The opening line of the document states:
“The Government wants to hear views on how increased transparency and accessibility to tax information can build greater awareness and understanding of how the system works.”
Frankly, it ought to read: “Increased transparency and accessibility to tax information DOES build greater awareness and understanding of how the system works – so we are going to get on and do it.”
Frustrations about the pace at which the wheels of government turn aside (the document is now subject to a 12-week consultation, which should at least allow the Chancellor to deliver some action in the Budget next March), most of the substance and direction of it is to be welcomed.
The Government is already looking at how in some other countries there are systems in operation whereby individuals can go online to see how much they are paying in tax month-by-month and year-on-year.
At the event launching the consultation this morning, David Gauke showed prepared mock-ups of what a personal HMRC web page could look like for Britons. This would enable people easily to see how much of their income goes on income tax and national insurance contributions – including the oft-forgotten employer’s element of the NICs. This would show people year-on-year whether they were paying more or less in tax and would indeed be a welcome leap forward in transparency. As the above video produced by the Treasury itself demonstrates, there is widespread public ignorance about how much tax they are actually paying.

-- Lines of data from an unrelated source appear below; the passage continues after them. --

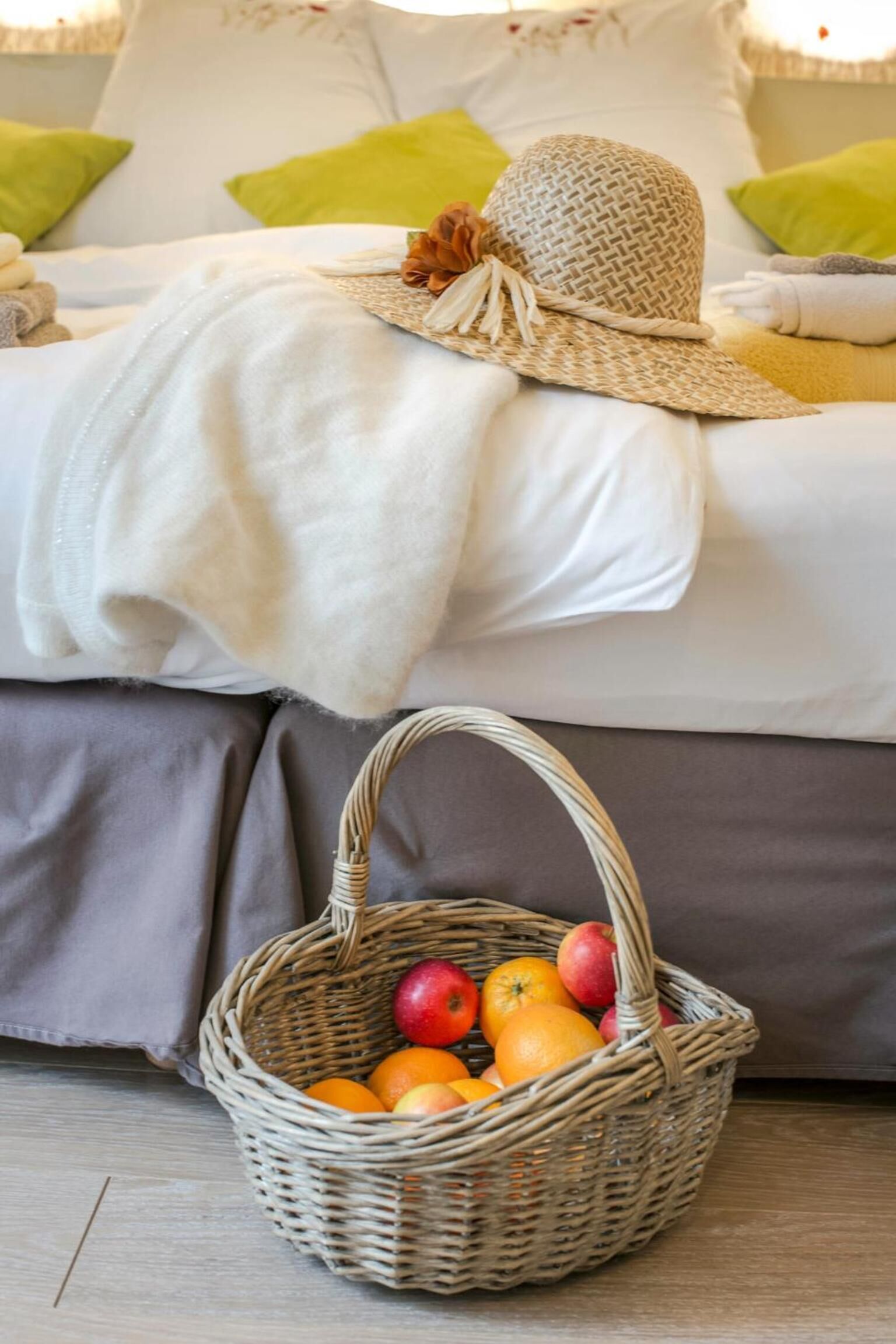 Ein Bett mit weißer Decke und einem Korbwägelchen voller Früchte auf Holzboden.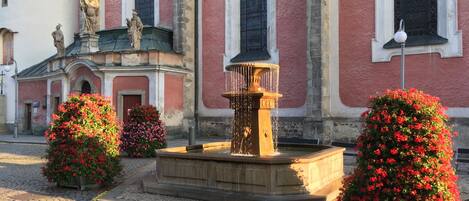 A courtyard with a fountain, two statues, and a building with arched windows.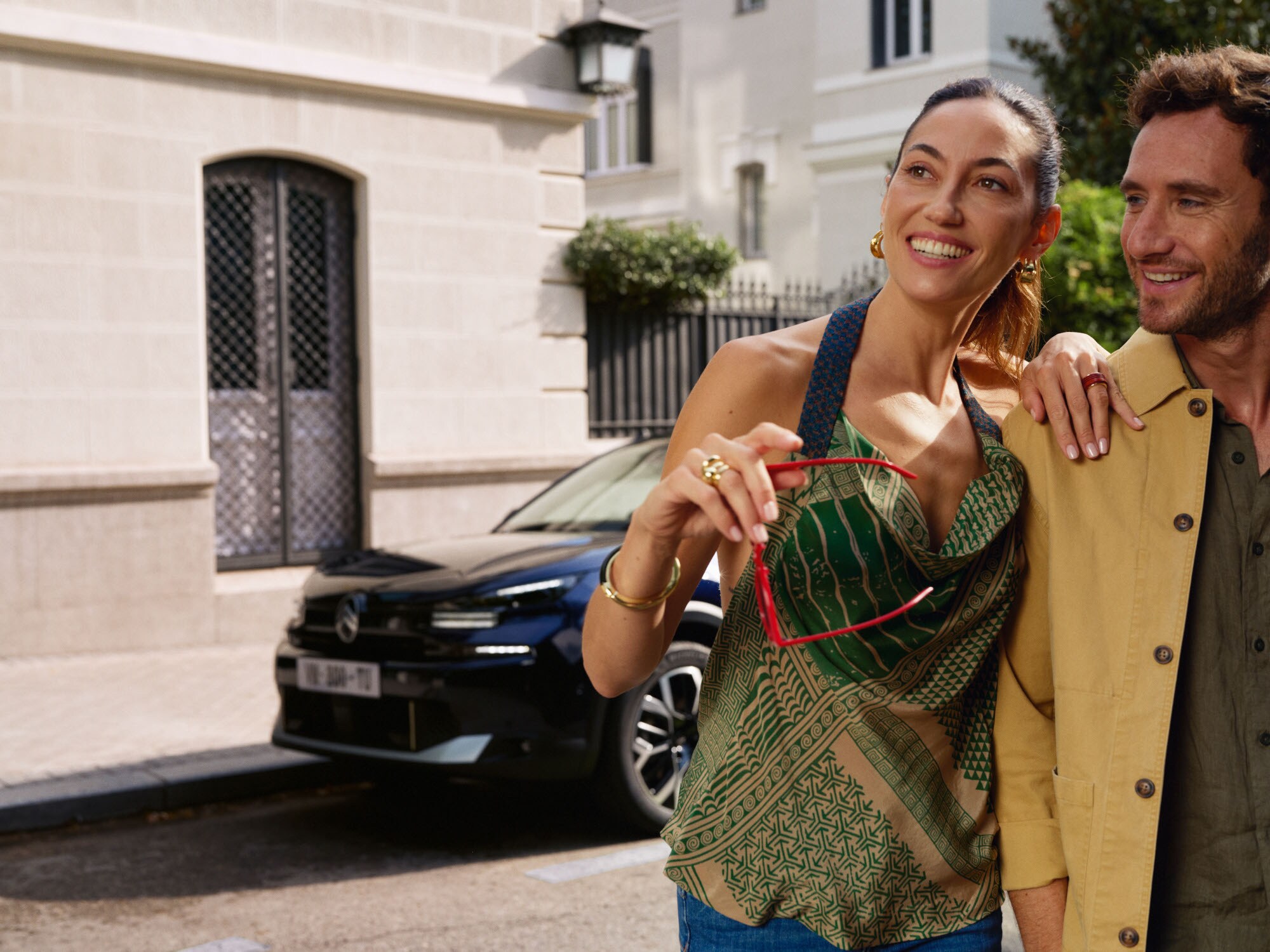 Escena lifestyle con Citroën ë-C4 X aparcado cerca ilustrando su diseño fastback moderno para una movilidad elegante y asequible.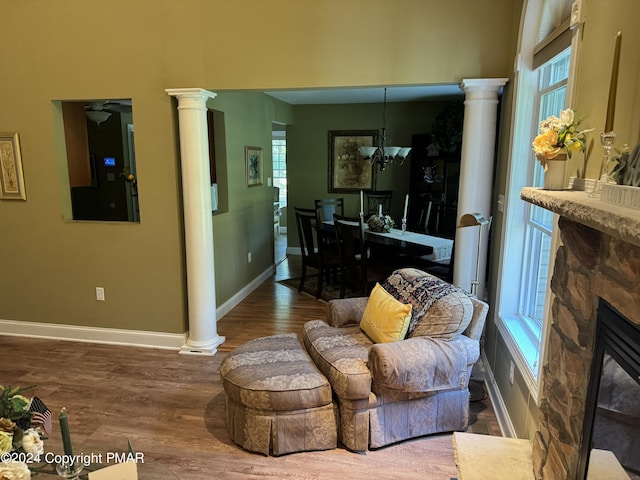 living room featuring baseboards, a stone fireplace, wood finished floors, and ornate columns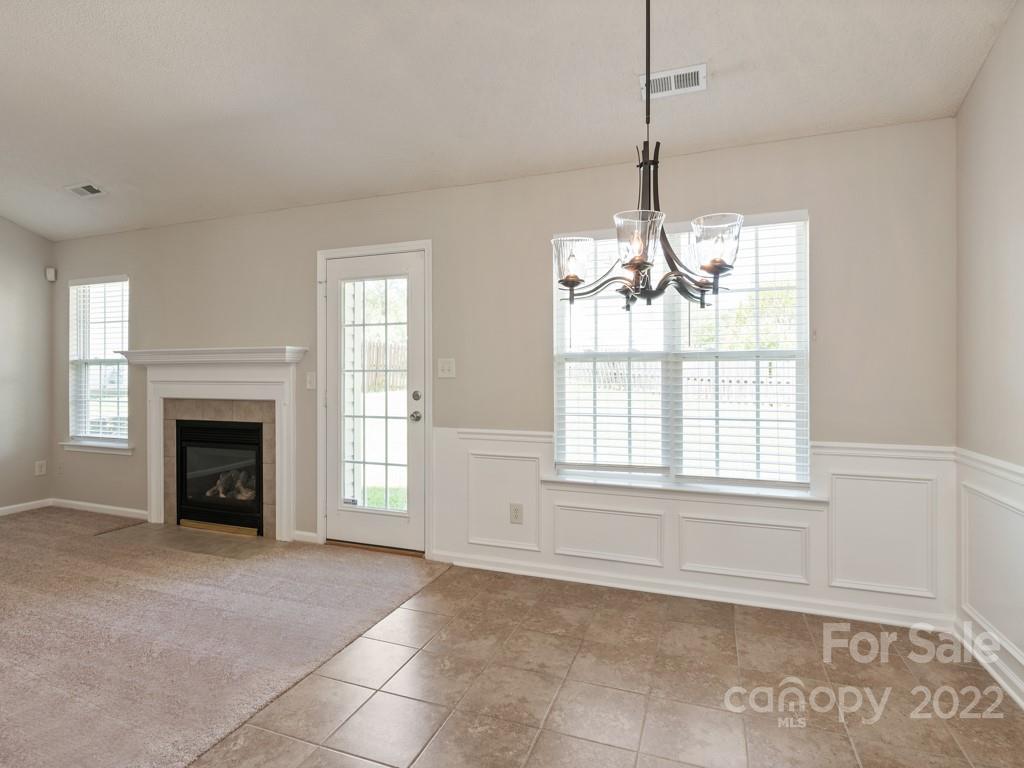 8215 Fox Swamp Road Charlotte, NC 28215 - Photo 8 of 25 a view of an empty room with window and fireplace
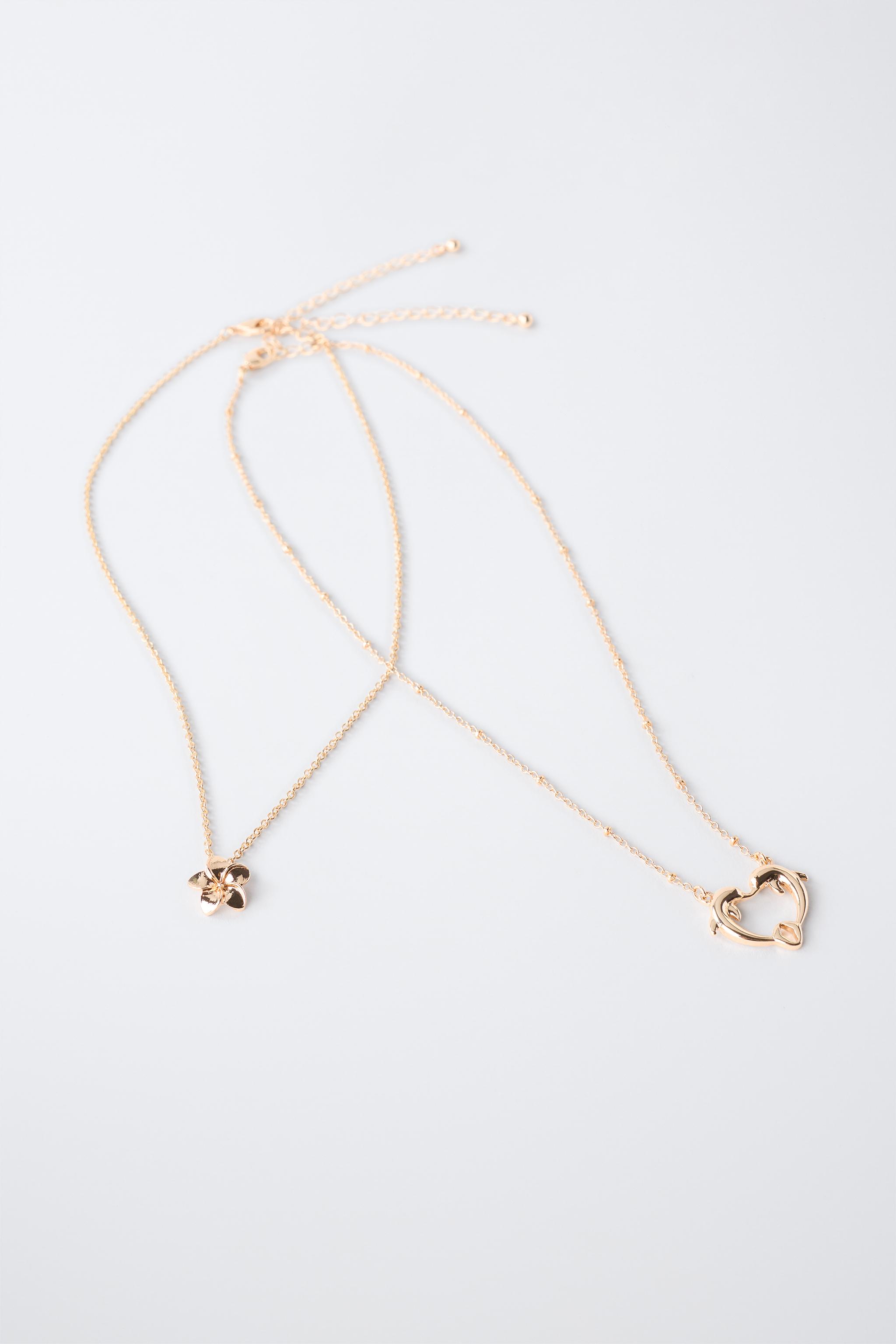 Детские аксессуары Zara TWO-PACK OF DOLPHIN AND HIBISCUS PENDANT NECKLACES — фото 4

Also today, the Government published its latest position on the integration of the operation of income tax and National Insurance Contributions, in response to a consultation it held on the issue earlier this year.
The TaxPayers’ Alliance has called for a complete merger of National Insurance and Income Tax, as explained in our recent report, Abolish National Insurance, and that is what we recommended in our response to the consultation: National Insurance is almost indistinguishable from Income Tax in its function of raising revenue and the current system obscures public understanding of tax on earnings.
It is disappointing, therefore, that the Government has not been persuaded of the merits of this case, concluding as it does that it wishes NICs to “retain an identity distinguishable from income tax” as part of maintaining the so-called contributory principle.
It does, however, accept that “closer integration of the operation of income tax and NICS has the potential to reduce burdens on business, remove economic distortions and improve fairness” – although does not foresee being able to implement any changes until “around 2017”.
At a time when businesses are crying out for red tape to be reduced, five years does seem an extraordinarily long time to wait for any action on this.